(Crawled caption data)
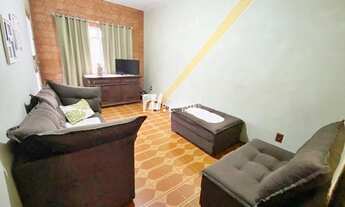 Imagem 4: Casa independente com terraço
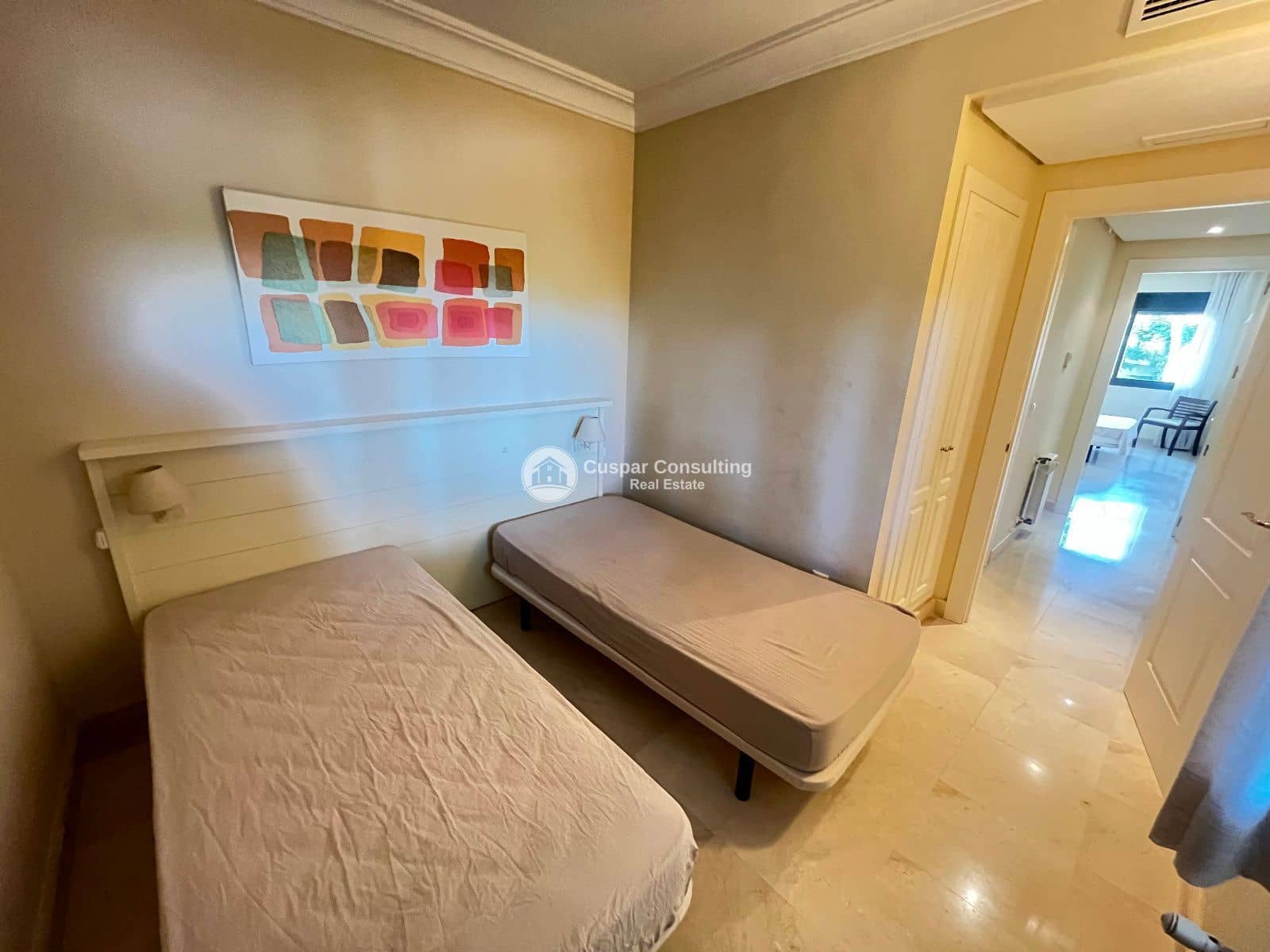 2 chambre Appartement à vendre à Roda avec piscine garage - 168 000 € (Ref: 9457863)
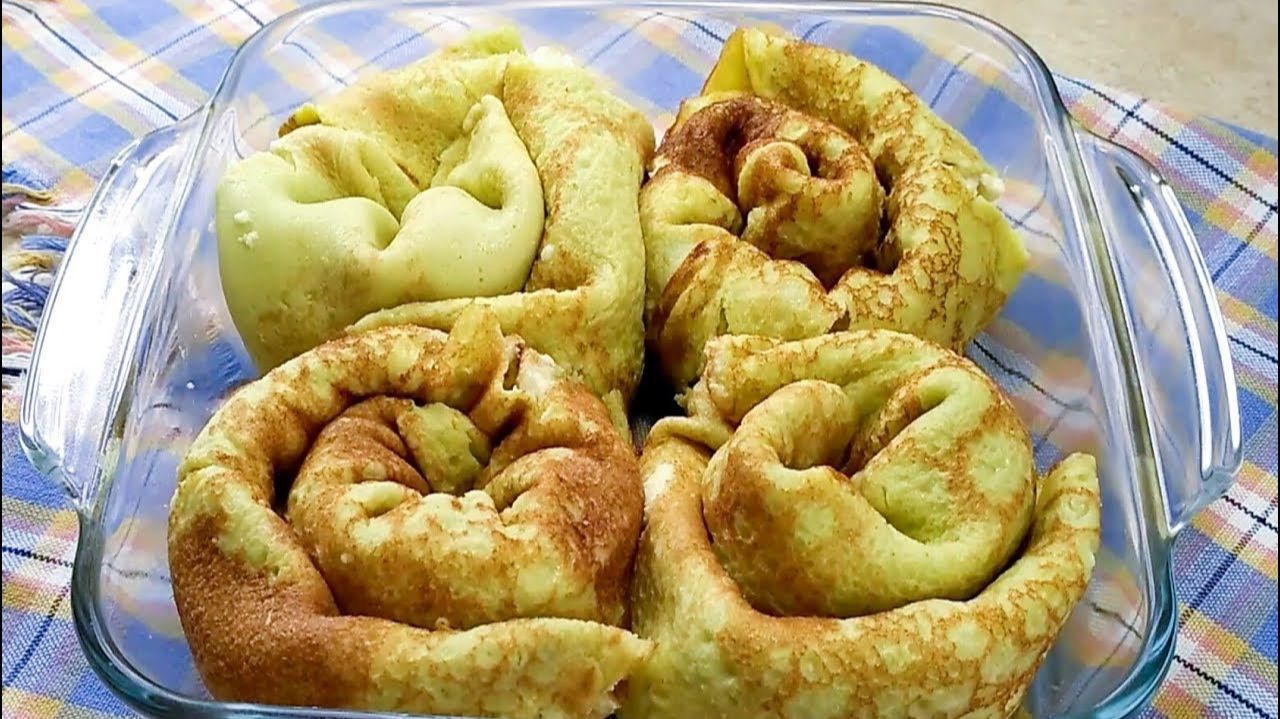Это вкуснее торта из Кабачков. Улитки с сырной начинкой. смотреть онлайн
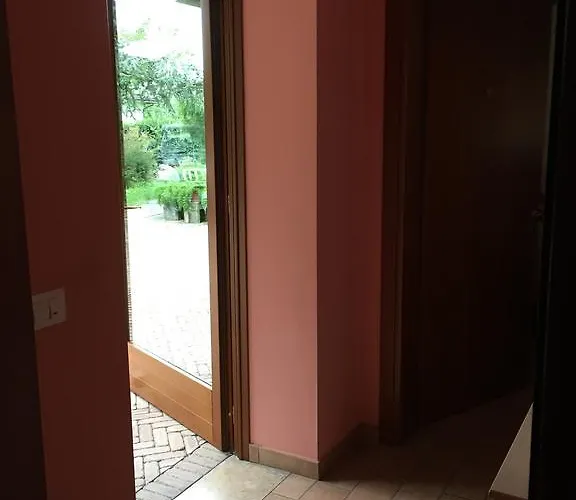 Gospodarstwo agroturystyczne Da Ninoti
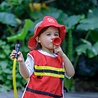 Plan Toys Set de pompier | Plan Toys Plan Toys Set de pompier | Plan Toys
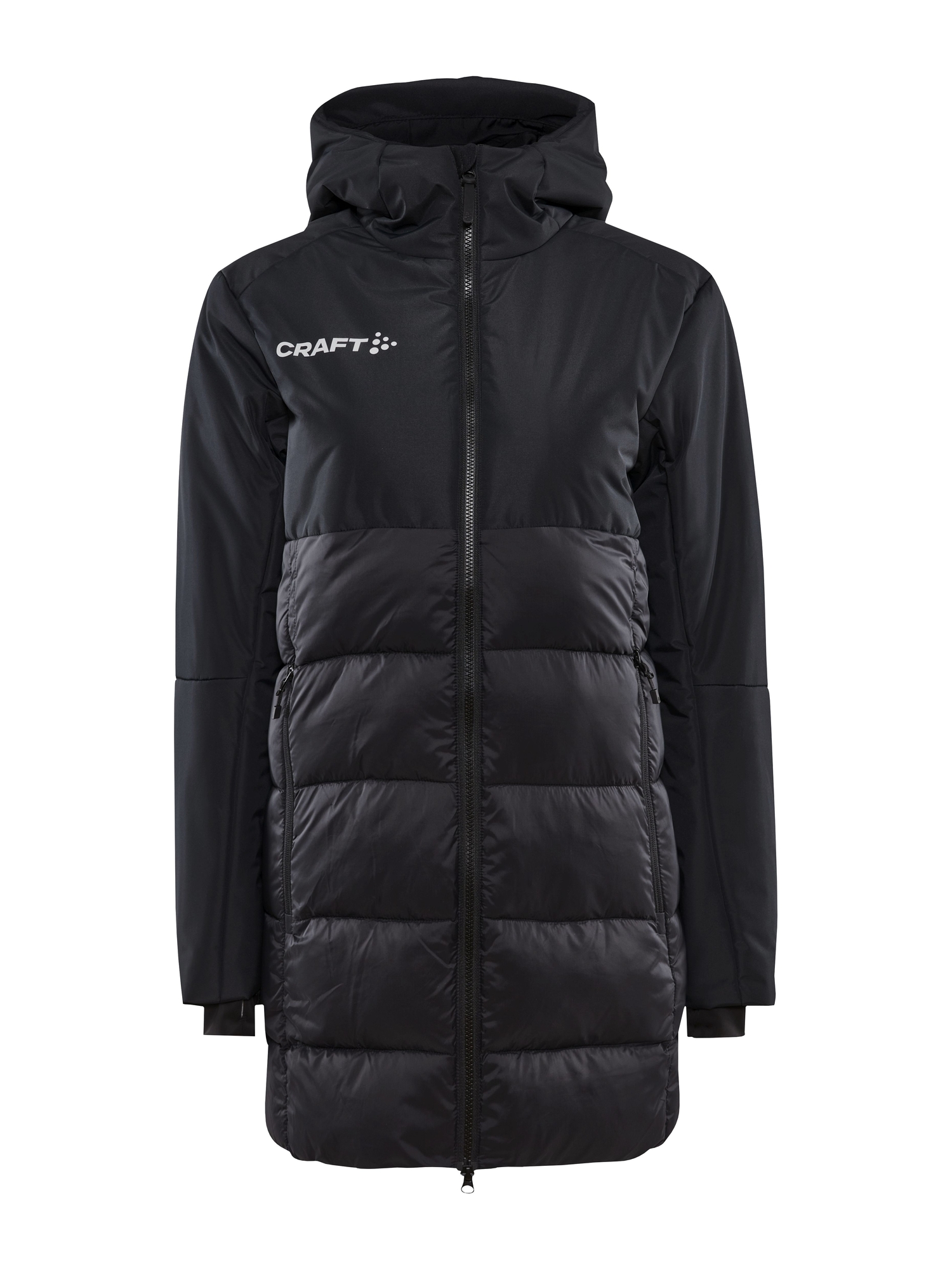 Core Evolve Isolate Parkas W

### [Directions]
All of the entries above need to be transcribed exactly, except for the pictures.

### [Result for this exercise]
 Imagem 4: Casa independente com terraço
 2 chambre Appartement à vendre à Roda avec piscine garage - 168 000 € (Ref: 9457863)
Это вкуснее торта из Кабачков. Улитки с сырной начинкой. смотреть онлайн
 Gospodarstwo agroturystyczne Da Ninoti
 Plan Toys Set de pompier | Plan Toys Plan Toys Set de pompier | Plan Toys
 Core Evolve Isolate Parkas W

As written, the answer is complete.